Editorial du « Monde ». Les scandales qui ont marqué les huit ans de Jacob Zuma à la tête de l’Afrique du Sud, ses ultimes menaces proférées avec l’énergie du désespoir alors que l’heure de sa chute approchait, ont presque éclipsé l’essentiel : la démocratie sud-africaine se révèle plus forte que les hommes qui la dirigent.

Celle-ci a eu finalement le dernier mot face à l’homme qui était censé l’incarner, alors qu’il avait préféré s’affranchir de ses règles. Le président Zuma a quitté le pouvoir, remplacé quelques heures plus tard par Cyril Ramaphosa, porteur désormais de l’espoir d’un grand nettoyage dans les affaires publiques.

Jacob Zuma a perdu la guerre avec la faction Ramaphosa au sein du Congrès national africain (ANC), une forme d’empoignade dont le parti est coutumier. C’est cette même organisation qu’il avait prise d’assaut en 2007 avant d’accéder à la présidence du pays deux ans plus tard, se faisant une joie de démettre sèchement de ses fonctions Thabo Mbeki, le successeur de Nelson Mandela.

Aujourd’hui, son tour est venu d’être remercié. Ce faisant, l’ANC se débarrasse d’un président devenu un boulet à l’approche des élections générales d’avril 2019. Lui, l’homme du peuple, qui se voulait proche des masses traditionnelles et rurales, loin des « petits malins de Noirs », cette élite et cette classe moyenne des villes, est aujourd’hui perçu comme le maître d’œuvre d’un pillage au détriment des plus modestes. Si les écoles et les centres de santé manquent d’argent, c’est en partie parce qu’une corruption d’Etat détourne leurs subsides.

Le courage d’une femme

La situation est devenue si préoccupante que l’ANC peut craindre de perdre les scrutins de 2019. Une première depuis l’instauration de la démocratie multiraciale en 1994. A présent, le parti doit essayer de contenir le flot d’électeurs qui ont l’intention de se détourner de lui. Dès lors, sacrifier Jacob Zuma, emblème de l’effondrement du capital moral du parti de Nelson Mandela, était devenu incontournable.
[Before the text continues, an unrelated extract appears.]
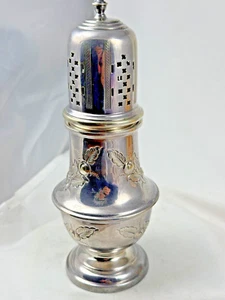 England Muffineer Sugar Spice Shaker   Israel Freeman Signed Silverplate - Picture 1 of 12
Certes, les abus avaient commencé bien avant son arrivée au pouvoir. Mais jamais avant lui la corruption n’avait atteint ce niveau. En réaction, les médias, des organisations de la société civile, la justice et des partis d’opposition ont fait preuve d’une opiniâtreté remarquable. Malgré les pressions, ils n’ont pas hésité à dénoncer les dérives du président. Et celles de son entourage, notamment les frères Gupta, engagés dans une opération dite de « capture d’Etat ».

Pour en triompher, il a fallu aussi le courage d’une femme : Thuli Madonsela. La médiatrice de la République a tenu bon pour maintenir l’indépendance d’une institution-clé. Elle a exposé en détail les travaux indécents – 20 millions d’euros payés sur les fonds publics – réalisés à la demeure de Jacob Zuma, à Nkandla, dans le Kwazulu-Natal. La Cour constitutionnelle avait ensuite condamné le président à rembourser une partie de la facture. Et ce n’est là que le premier acte des démêlés judiciaires qui vont désormais occuper l’ex-dirigeant.
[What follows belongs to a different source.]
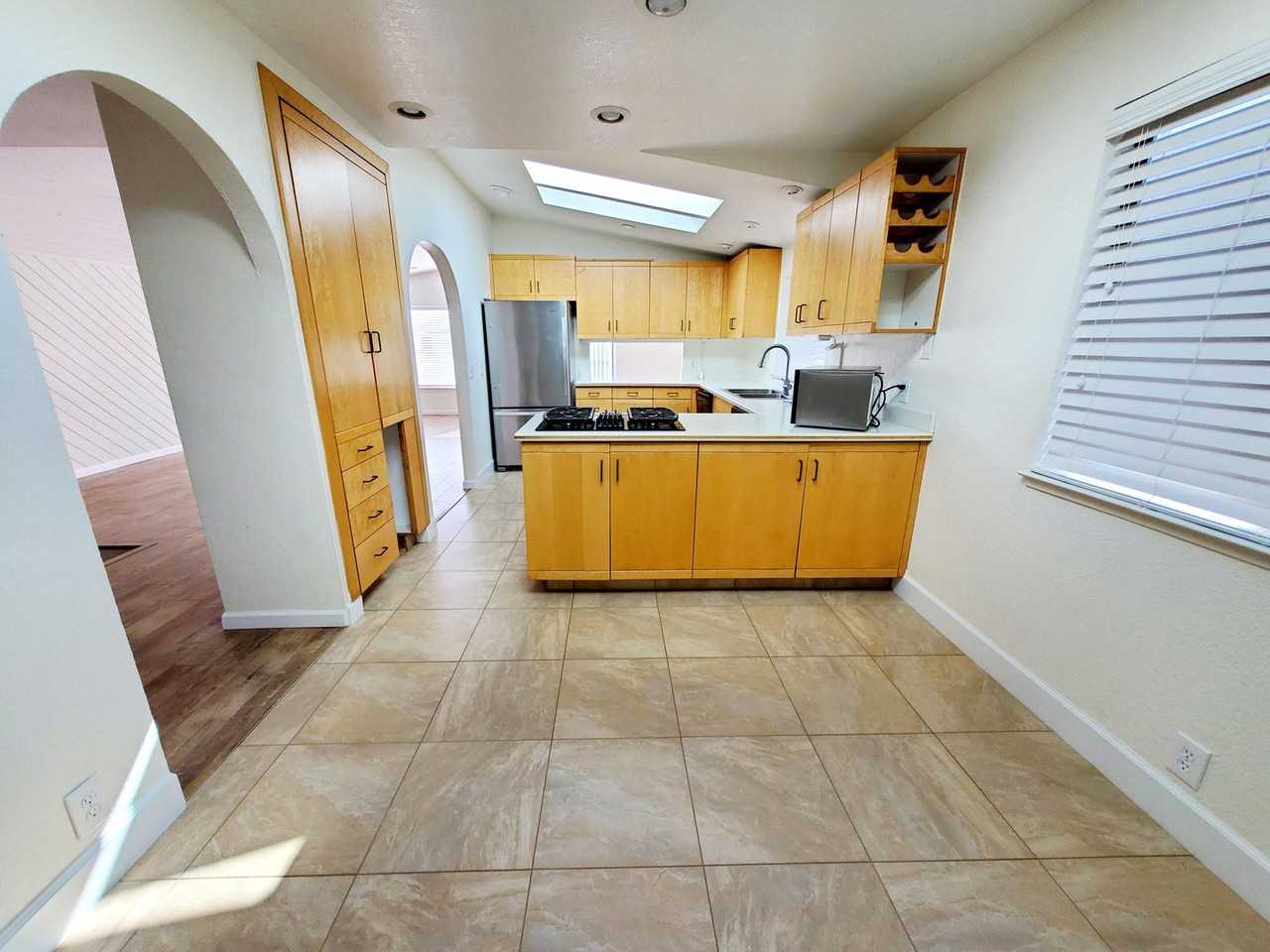 327 Mccarthy Ave - Photo 3 of 12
Son départ contraint et forcé du pouvoir ne pourra pas effacer du jour au lendemain la misère en Afrique du Sud. Mais l’espoir renaît. Désormais, Cyril Ramaphosa va devoir s’attaquer franchement à la corruption, relancer l’économie, réduire les inégalités, recoller les morceaux d’une nation divisée et faire rayonner à nouveau ce pays-phare du continent… Un projet national que l’Afrique du Sud n’entendait plus dans la bouche de Jacob Zuma.